I've got some minor damage to the bed side of my 2015 truck. There are some dents I'm not sure about from the landscaping season and a big new scratch and dents down the bed side from the rear end sliding sideways into a wall while plowing. I've gotten a few estimates, all around $2100.00 to repair, repaint, etc. I'm afraid if I claim this on insurance, I will risk my rates going up. On the other hand, it is a lot of money, but I have to fix the truck, considering it's only a year old. 

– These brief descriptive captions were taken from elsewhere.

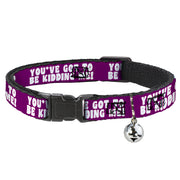 Cat Collar Breakaway - YOU'VE GOT TO BE KIDDING ME! Purple White Breakaway Cat Collars Buckle-Down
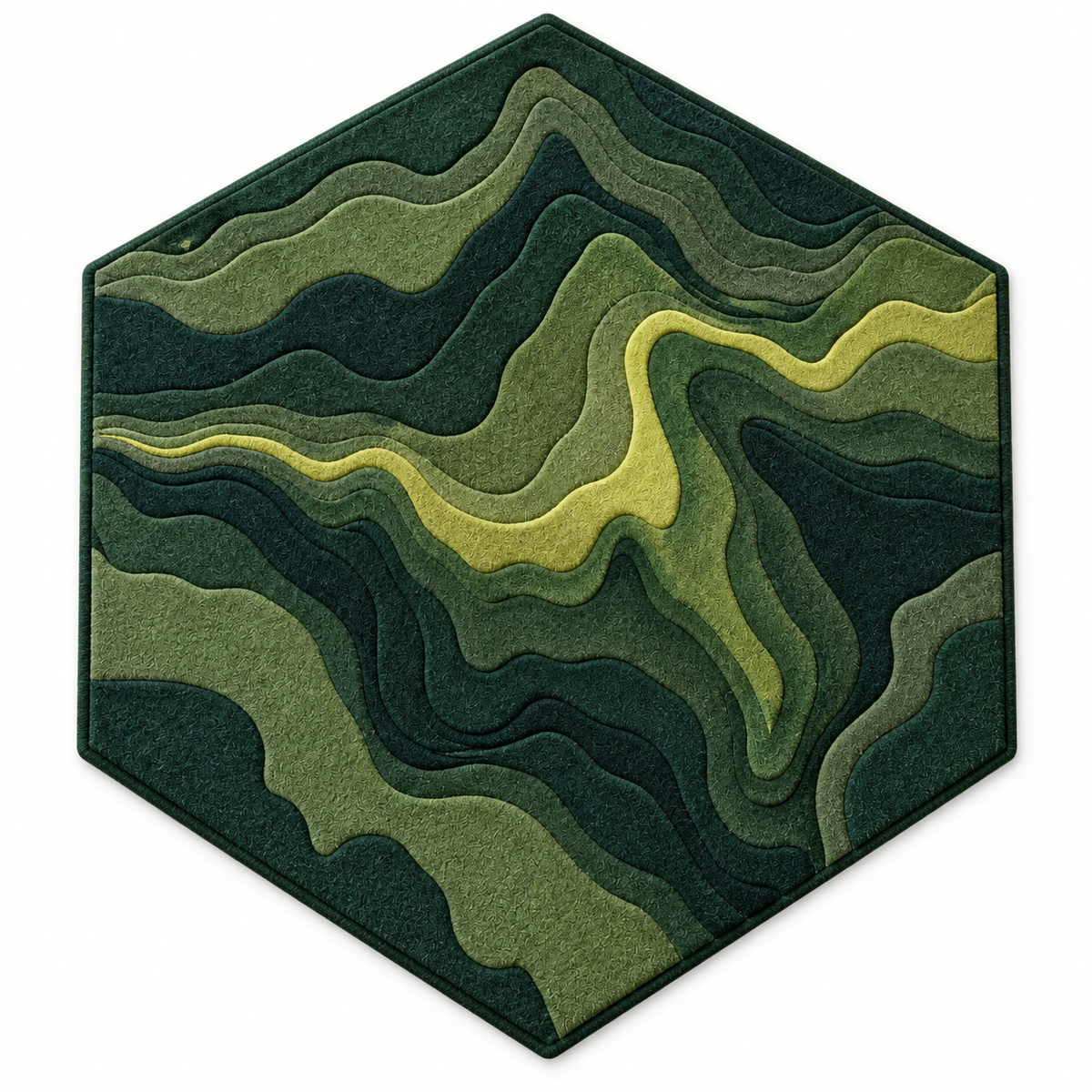 Alpine Shadow Felted Merino Hexagonal Rug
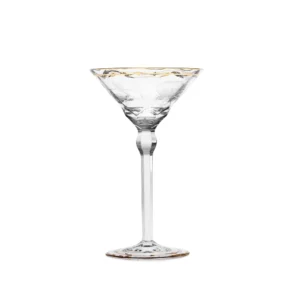 Verre à martini 140ml en authentique cristal de bohême taillé main, gravé artistiquement, et subtilement décoré avec de l'or 24 carats. Collection Paula de Moser, la plus prestigieuse & réputée cristallerie de Bohême.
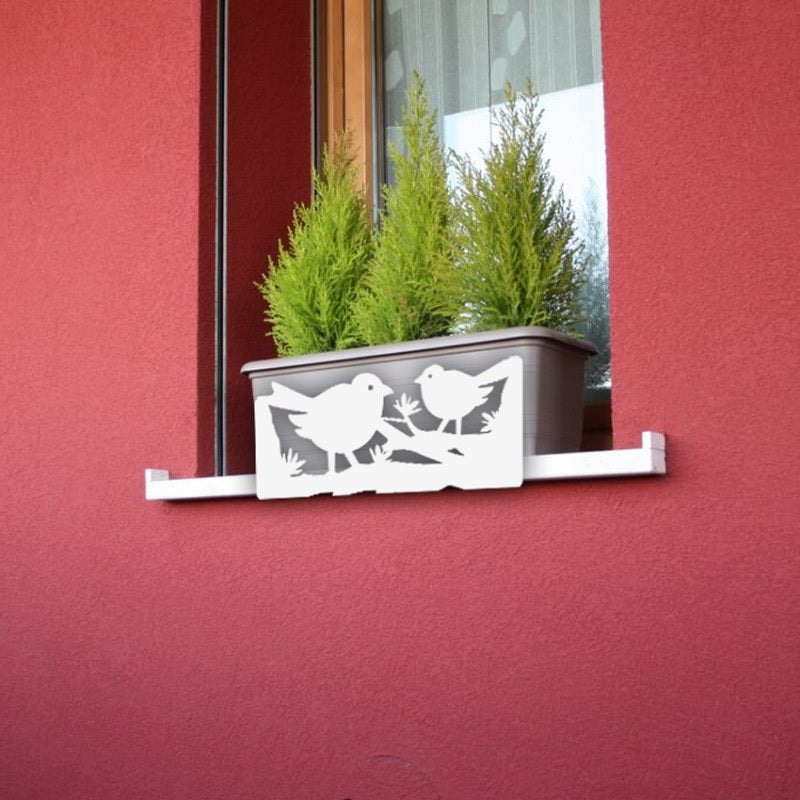 Soporte Jardinera Vasosicuro Pajaros Blanco.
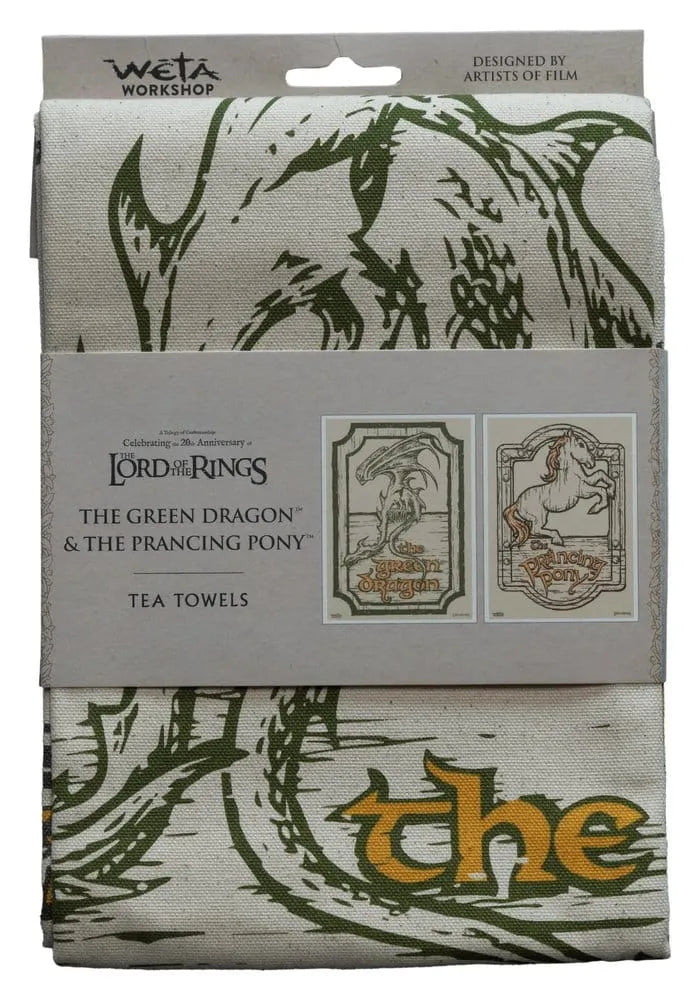 Herr der Ringe Geschirrtuch 2er Pack Green Dragon & Prancing Pony 69 cm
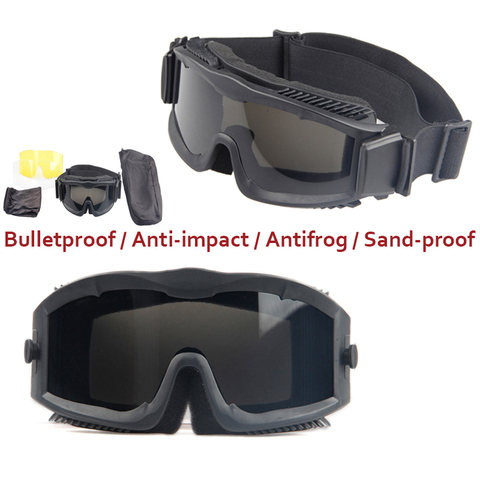Airsoft Paintball gafas para balística USMC ejército militar gafas caza tiro Anti-niebla táctico gafas lente ► Foto 1/6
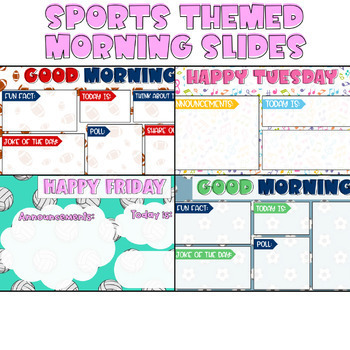 Preview of Sports Themed Morning Slides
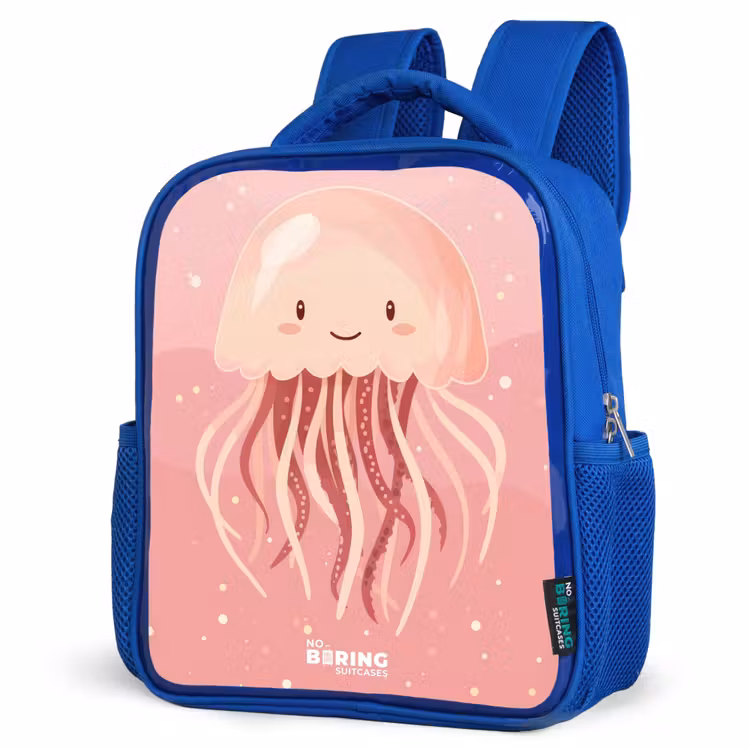 Kinderrucksack - Blau - Rosa Qualle mit Gesicht — 7
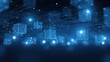 © Generative AI - Blue glowing wireframe cubes suspended in digital network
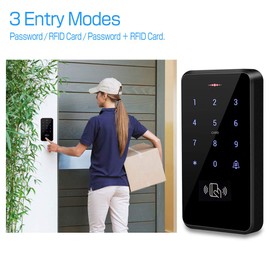 LUCINE Ultimate Full Waterproof RFID Keypad, 3000 Users Capacity, 125KHz Stand-alone Access Control Touch Screen Panel, PIN Code, Wiegand 26, with 10pcs RFID Key fob Cards, Can be Installed Outdoor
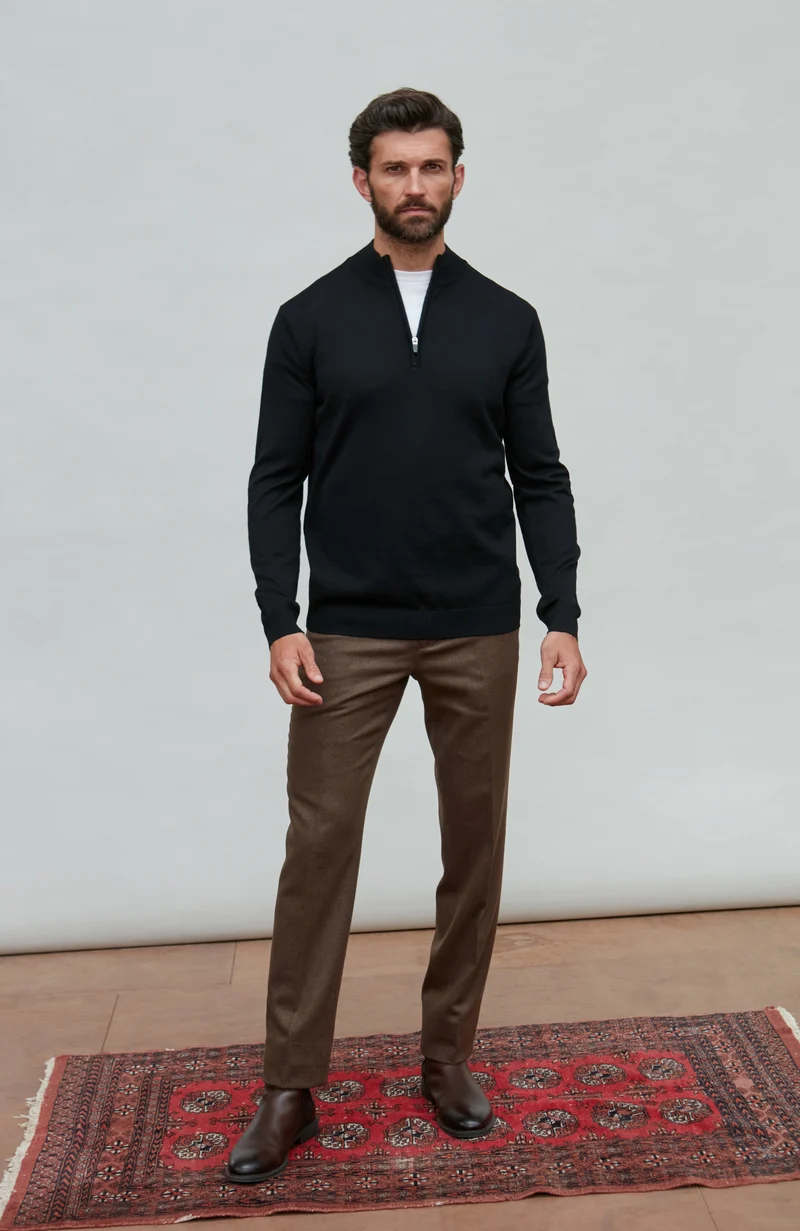 Mens Extra Fine Merino Wool Quarter Zip Jumper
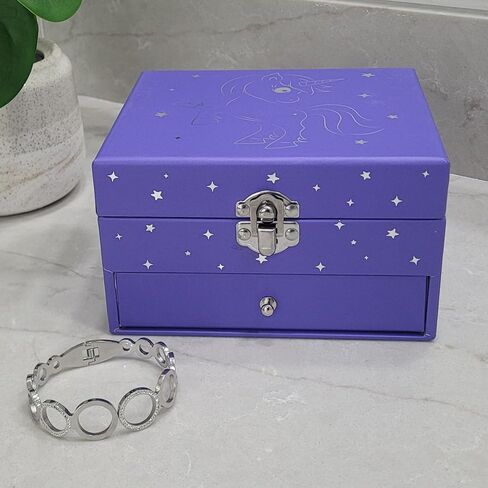 My Tiny Treasures Box Company Unicorn Jewelry Box for Little Girls and Young Girls with Mirror, Velvet Interior and Pull Out Drawer - 5.75 x 5.2 x 3.5 Inches (Purple) in Saudi Arabia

What do you guys do for these types of damages to your equipment or properties? Obviously damage below your deductible is paid out of pocket, but what about these mid range costs? I hate to take the claim on my insurance when there is always the possibility of a major accident in the future that could cost 10,000 - 1,000,000.


----------



## Mark Oomkes (Dec 10, 2000)

Unless it was from an accident that caused damage to another vehicle or structure it isn't covered by my policy.


----------



## iceyman (Mar 1, 2007)

Pay out of pocket for that small Of an amount


----------



## allagashpm (Sep 29, 2012)

I would pay it out of pocket. But I also probably wouldn't fix it. Odds are pretty good you'll damage it again this summer or winter if it's a work truck.


----------



## Philbilly2 (Aug 25, 2007)

All depends on your view of what is minor. 

I would personally choose to keep things off of insurance to keep your mod factor as low a possible.

On the other hand, that is also what you have insurance for.


----------



## Ben/Insurance (Oct 22, 2012)

the guy next door, the insurance company may take two deductibles on this as it sounds like a few incidents are involved here. It's a per occurrence deductible. I would probably recommend that you pay out of pocket if no other party involved and no injuries.
Ben/Insurance


----------



## jhenderson9196 (Nov 14, 2010)

I would pay out of pocket and get everything fixed. I've found once you let the little things go, it all goes to pot pretty quickly.


----------



## sebass (Feb 18, 2016)

If you can afford it definitely do it out of pocket. Insurance is a giant scam. Obviously you gotta have it but keep them out of it if ya can. 


There is a reason why 95% of the plow trucks you see have dents in em.


----------



## peteo1 (Jul 4, 2011)

Ben/Insurance;2126560 said:


> the guy next door, the insurance company may take two deductibles on this as it sounds like a few incidents are involved here. It's a per occurrence deductible. I would probably recommend that you pay out of pocket if no other party involved and no injuries.
> Ben/Insurance


Are you serious about the two deductibles? If my insurance company told me that I'd get a new insurer


----------



## leigh (Jan 2, 2009)

Do what I did.I lived with two dents to bed.Icy morning a women driver hit me in exact same spot,2200$.Still haven't fixed lol.(putting money toward a alum flatbed) A couple months later my wife gets hit,gets 100$ for a headache and 2000$ for rear end damage that was not even visible.Now I know how scammers get started ! Thinking about a switch that turns brake lights off...hmmmmm


----------



## jhenderson9196 (Nov 14, 2010)

peteo1;2126843 said:


> Are you serious about the two deductibles? If my insurance company told me that I'd get a new insurer


Better start looking. Per occurrance just like the limits on your GL.


----------